(ENTRIES SUPPLIED begins)

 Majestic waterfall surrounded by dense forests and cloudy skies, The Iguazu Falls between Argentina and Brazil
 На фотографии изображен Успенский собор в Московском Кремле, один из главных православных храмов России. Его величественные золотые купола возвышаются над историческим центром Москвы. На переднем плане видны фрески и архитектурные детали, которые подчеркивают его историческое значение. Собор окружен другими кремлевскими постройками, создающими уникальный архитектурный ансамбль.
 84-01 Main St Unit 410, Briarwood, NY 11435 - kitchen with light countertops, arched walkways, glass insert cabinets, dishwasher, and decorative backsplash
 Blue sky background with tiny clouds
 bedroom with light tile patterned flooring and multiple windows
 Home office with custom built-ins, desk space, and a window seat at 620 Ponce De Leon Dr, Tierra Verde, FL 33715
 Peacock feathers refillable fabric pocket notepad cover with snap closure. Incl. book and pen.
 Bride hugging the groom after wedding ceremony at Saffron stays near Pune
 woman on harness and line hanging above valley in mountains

(ENTRIES SUPPLIED ends)

== TRY IT ==
The listing above needs to be retyped. Reproduce every line exactly.

== FINISHED EXERCISE ==
 Majestic waterfall surrounded by dense forests and cloudy skies, The Iguazu Falls between Argentina and Brazil
 На фотографии изображен Успенский собор в Московском Кремле, один из главных православных храмов России. Его величественные золотые купола возвышаются над историческим центром Москвы. На переднем плане видны фрески и архитектурные детали, которые подчеркивают его историческое значение. Собор окружен другими кремлевскими постройками, создающими уникальный архитектурный ансамбль.
 84-01 Main St Unit 410, Briarwood, NY 11435 - kitchen with light countertops, arched walkways, glass insert cabinets, dishwasher, and decorative backsplash
 Blue sky background with tiny clouds
 bedroom with light tile patterned flooring and multiple windows
 Home office with custom built-ins, desk space, and a window seat at 620 Ponce De Leon Dr, Tierra Verde, FL 33715
 Peacock feathers refillable fabric pocket notepad cover with snap closure. Incl. book and pen.
 Bride hugging the groom after wedding ceremony at Saffron stays near Pune
 woman on harness and line hanging above valley in mountains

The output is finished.